(Input for this task Opens)
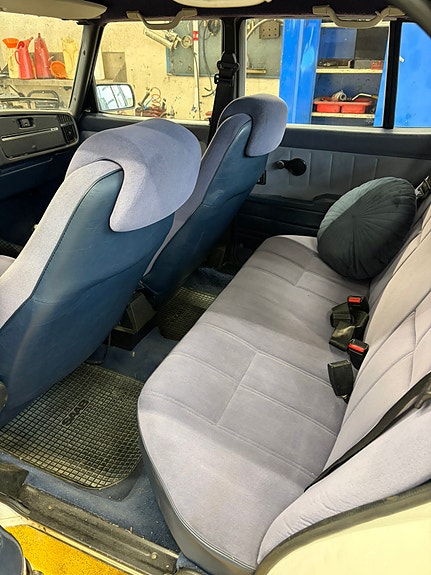 Saab 900 15 of 17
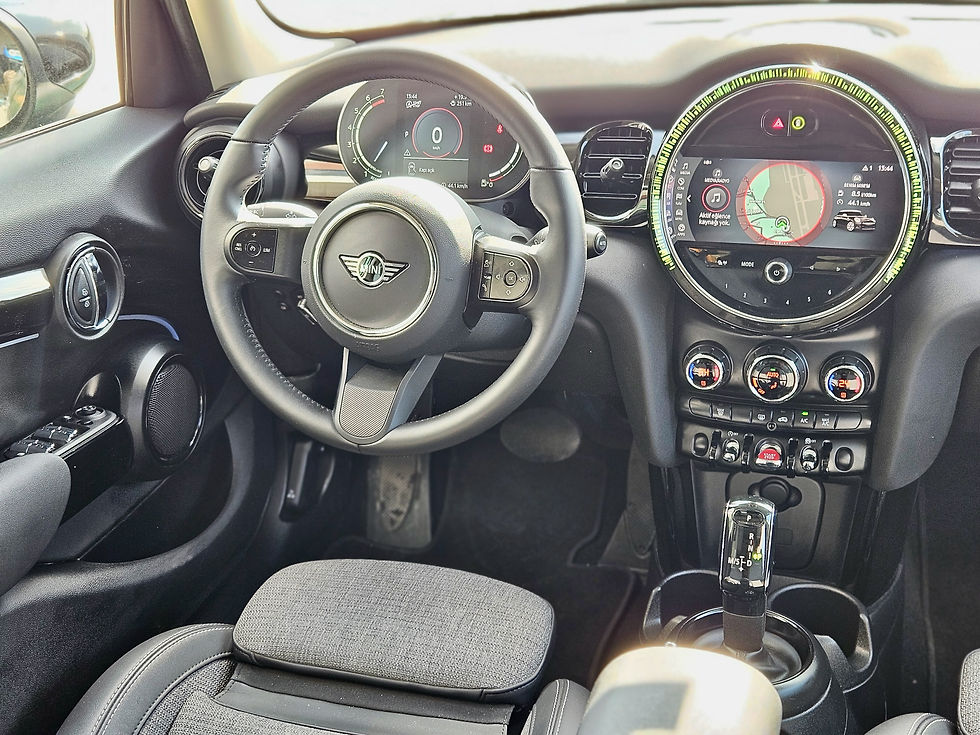 Küçük resim: 2022 Model Mini Cooper 1.5 Signature British Racing Green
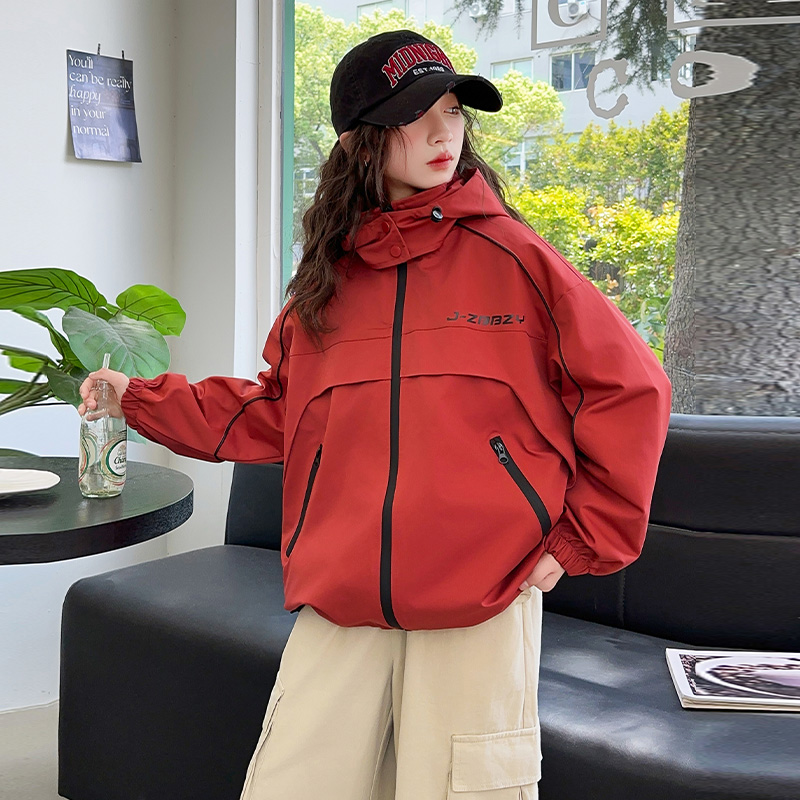2025春秋季新款女童三合一长袖外套宽松休闲舒适防风防水秋装潮流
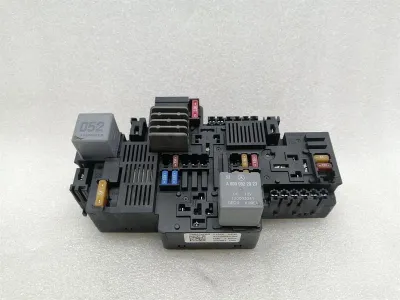 MERCEDES EQC400 EQC N293 КУТИЯ ЗА ПРЕДПАЗИТЕЛИ A2139065706 КУТИЯ ЗА ПРЕДПАЗИТЕЛИ РЕЛЕЕН БЛОК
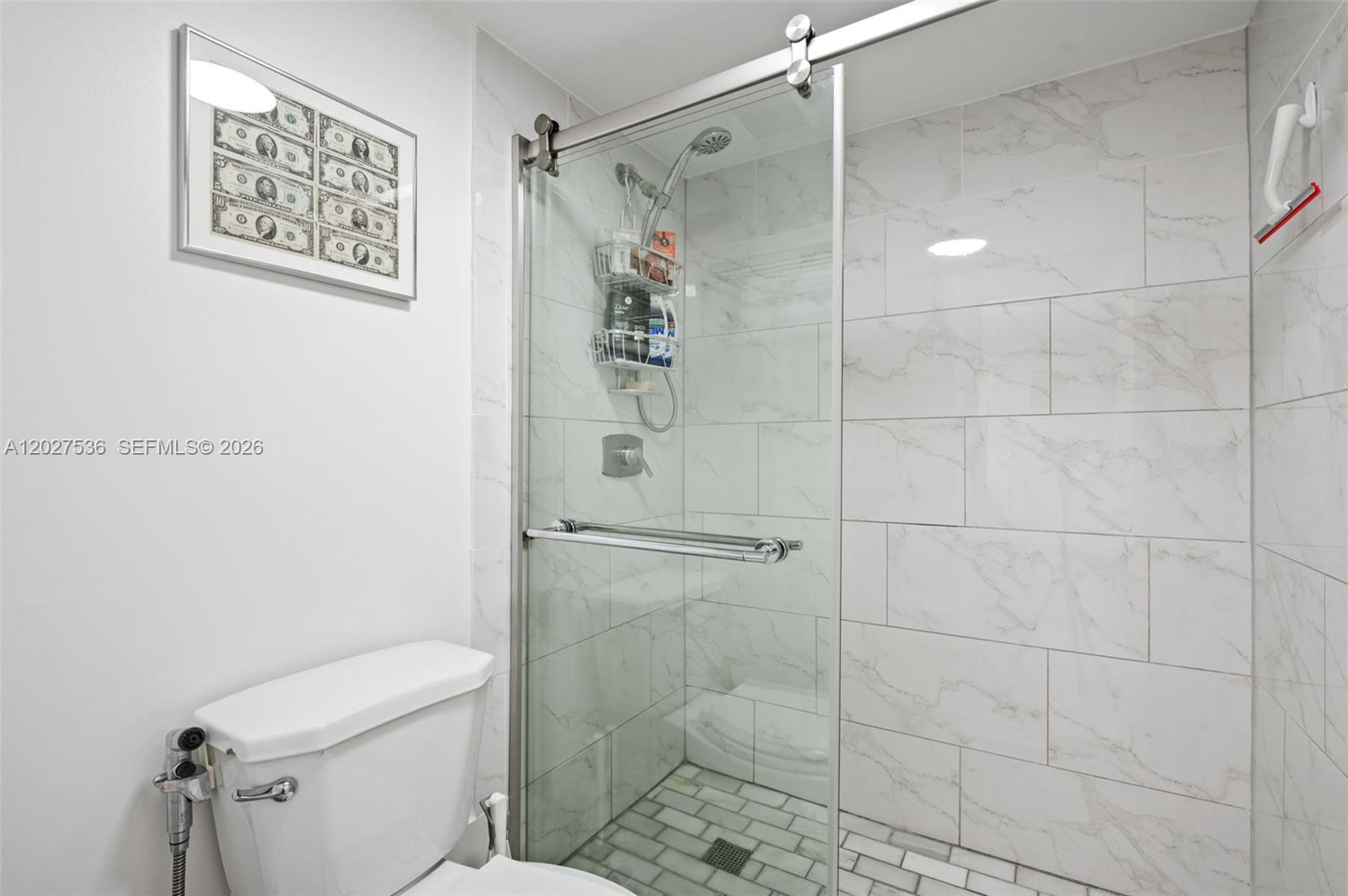 GREYNOLDS PARK CLUB CONDO - Residential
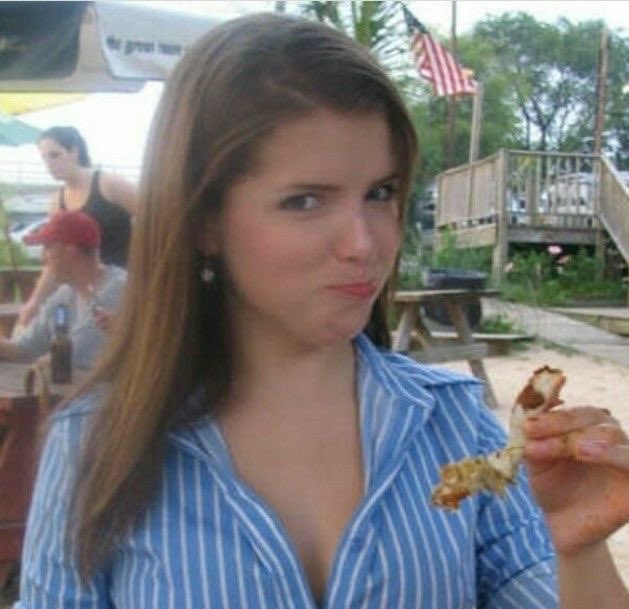 gonegirlfriend's tweet image. everything should be yuri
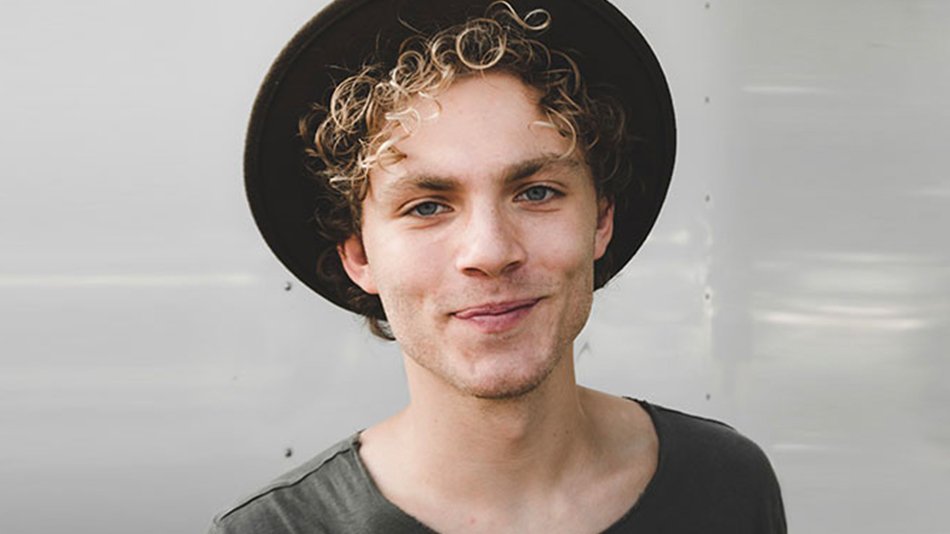 chico rubio con pelo rizado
(Input for this task Closes)
Your objective. Each line above is to be copied verbatim. Drop any image from the copy.

Written response.
 Saab 900 15 of 17
 Küçük resim: 2022 Model Mini Cooper 1.5 Signature British Racing Green
2025春秋季新款女童三合一长袖外套宽松休闲舒适防风防水秋装潮流
 MERCEDES EQC400 EQC N293 КУТИЯ ЗА ПРЕДПАЗИТЕЛИ A2139065706 КУТИЯ ЗА ПРЕДПАЗИТЕЛИ РЕЛЕЕН БЛОК
 GREYNOLDS PARK CLUB CONDO - Residential
 gonegirlfriend's tweet image. everything should be yuri
 chico rubio con pelo rizado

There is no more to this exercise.